234 of 234

Graphics, exponents, and equations will not display within the text file. A link to the PDF version of this section will be in this spot in the future.
                                 CHAPTER XIV

            SECURITY REQUIREMENTS FOR AISs USED AS ALARM SYSTEMS

1.  OVERVIEW.  Alarm systems that process classified information shall be
    protected and accredited to process classified information under the
    requirements of DOE 5639.6A and this Manual.  The differences from the
    requirements for classified AISs are detailed below.

2.  COMMUNICATIONS SECURITY.  The communication lines that connect the AIS
    to its sensors and leave the Limited Area shall be protected at a level
    commensurate with the sensitivity of the information being transmitted.

    a.   Transmitting Classified Information.  If the alarm information
         being transmitted is classified, the information shall either be
         encrypted using an National Security Agency approved encryption
         device or the transmission lines shall be protected using a
         Protected Distribution System as described in DOE 5300.4D.

    b.   Transmitting Unclassified Information.  If the alarm information
         being transmitted is unclassified, the transmission lines do not
         need protection beyond that which is required by DOE 5632.2A,
         PHYSICAL PROTECTION OF SPECIAL NUCLEAR MATERIAL AND VITAL
         EQUIPMENT.

    c.   Other Communication Lines.  The communication lines that provide
         remote terminal or operator access or that interconnect with other
         alarm systems shall be protected at the accreditation level of the
         alarm system as described by DOE 5639.6A and this Manual.

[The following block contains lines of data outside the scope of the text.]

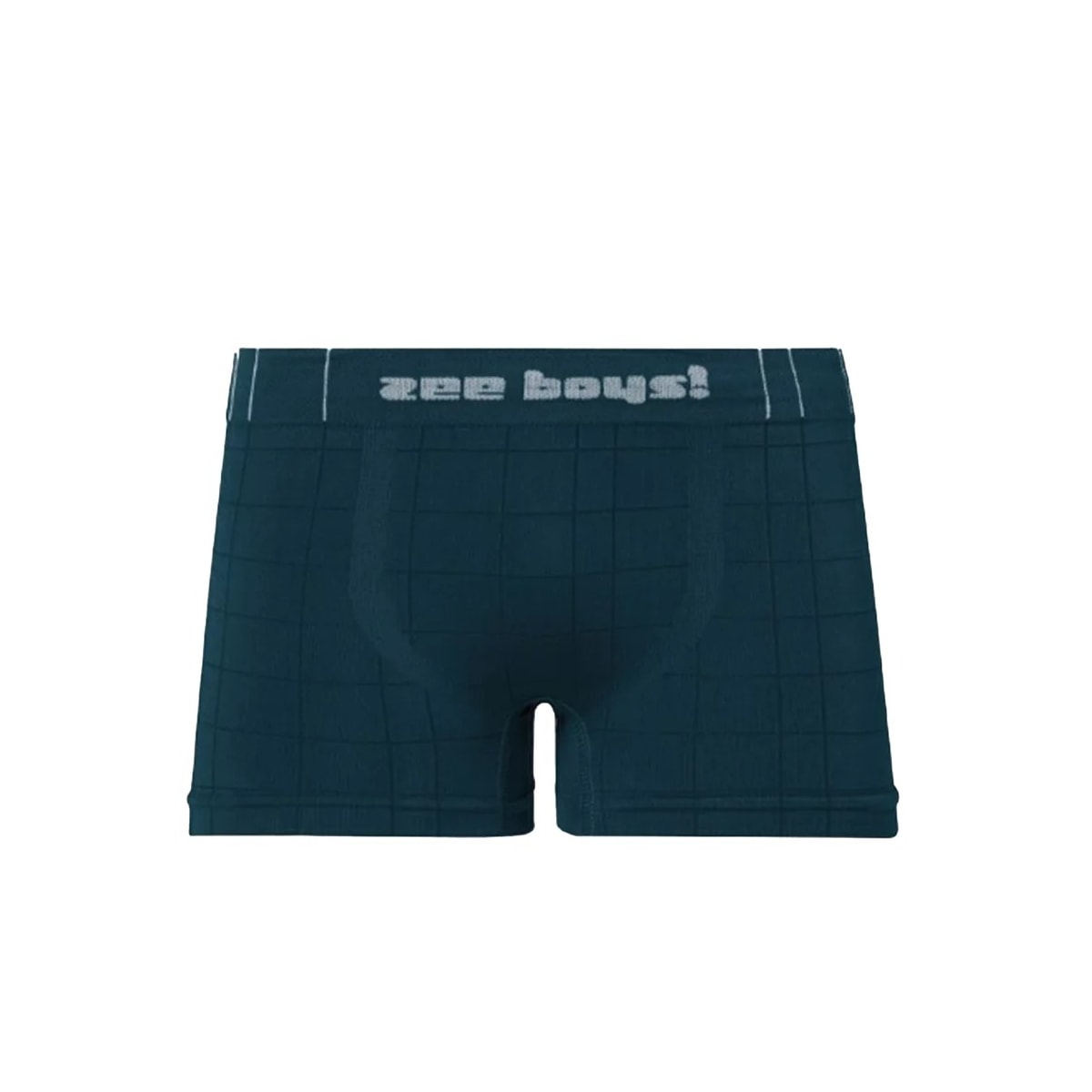 Cueca Zee Rucci Boxer Infantil Zr1800-001-1484 V04 Verde Escuro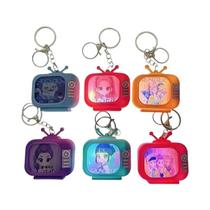 Chaveiro Luminoso De Luz Noturna, Boneco De Anime Da Esquadrão Das Bruxas, Ornamento Para Pendurar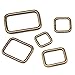 Swpeet 50Pcs 5 Sizes 1/2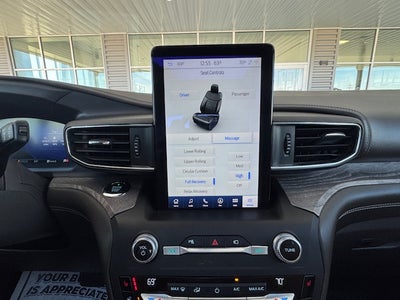 2020 Ford Explorer Platinum 4WD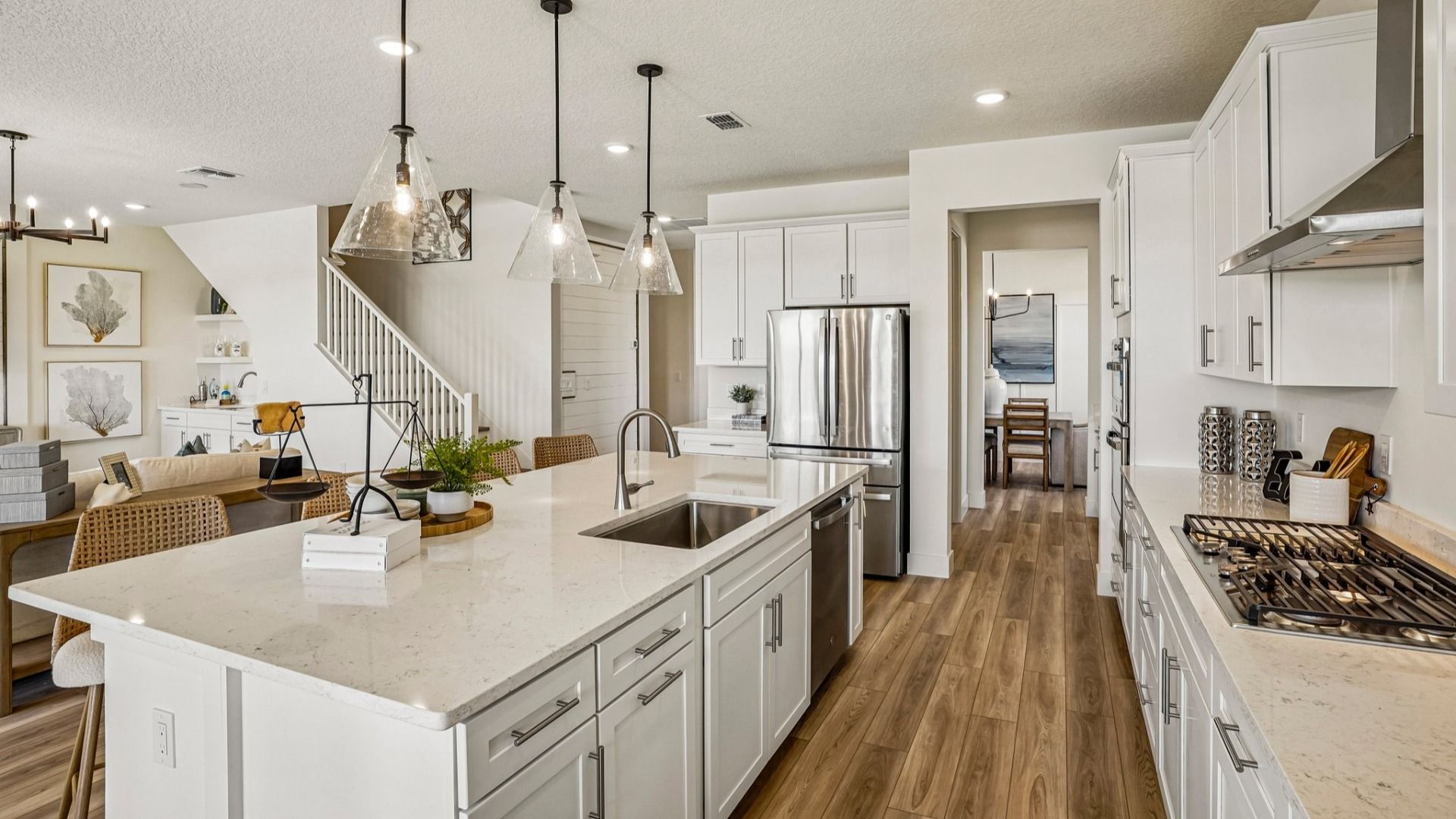 Kitchen | Oleander Model Home at Ardisia Park in New Smyrna Beach, Florida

3.  CERTIFICATION TESTING.  Certification testing of the alarm system shall
    include the determination that the alarm system cannot be captured or
    brought under remote control through its sensor ports.  If it is
    determined that the alarm AIS can be captured or controlled by attacking
    the alarm AIS through its sensor ports, then the sensor wirelines shall
    be protected by one of the following methods.

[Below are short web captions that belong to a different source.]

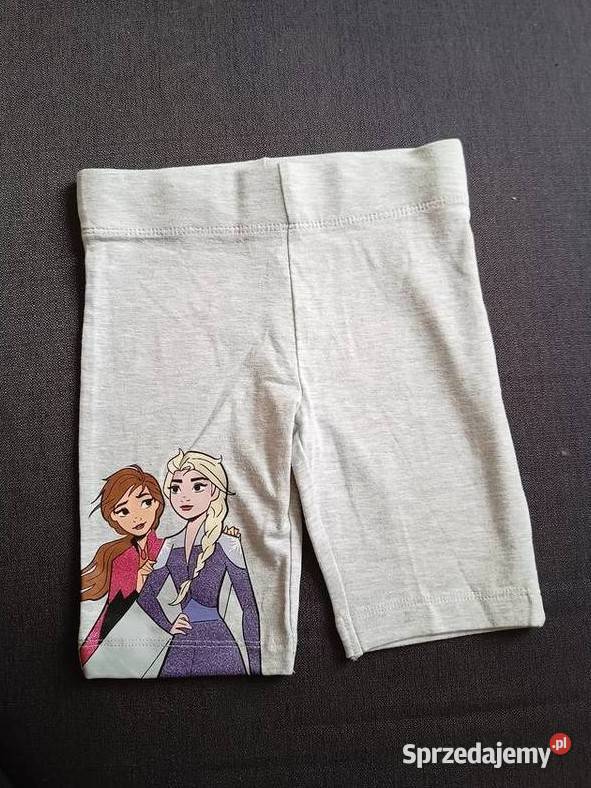 Krótkie letnie legginsy leginsy Frozen Eska i Szczecin
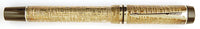 Parker Duofold Presidential Esparto in Sterling silver - 18k medium nib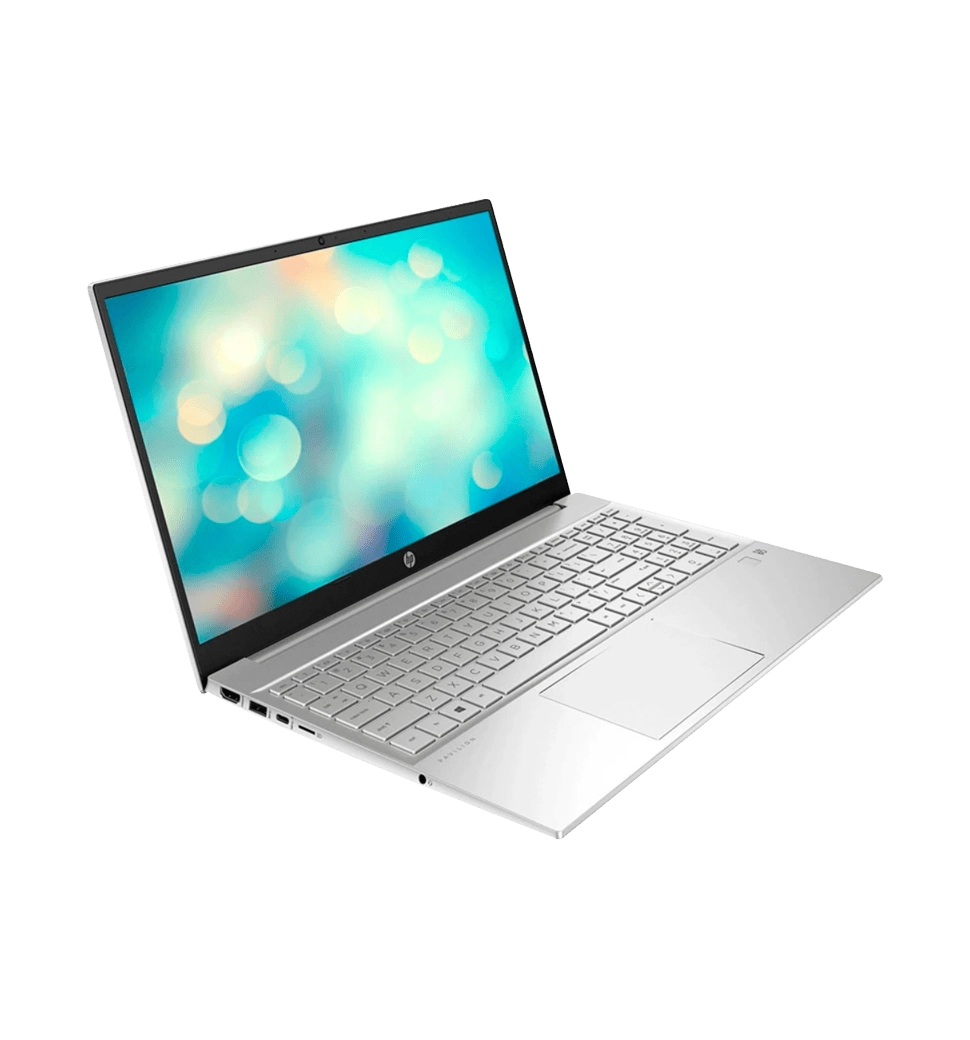 Ноутбук 15.6" HP Pavilion 15-eh1052ua AG (422K8EA)/AMD R5 5500U/12GB/512GB SSD/AMD Radeon/DOS/White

    a.   Encryption.  The sensor wirelines shall be encrypted with an
         NSA-approved encryption device.

    b.   Protected Distribution System.  The sensor wirelines shall be
         protected using a Protected Distribution System as described in DOE
         5300.4D.

    c.   Change of Functionality.  The functionality of the sensor port
         shall be changed so the classified AIS cannot be captured or
         brought under control through the sensor port.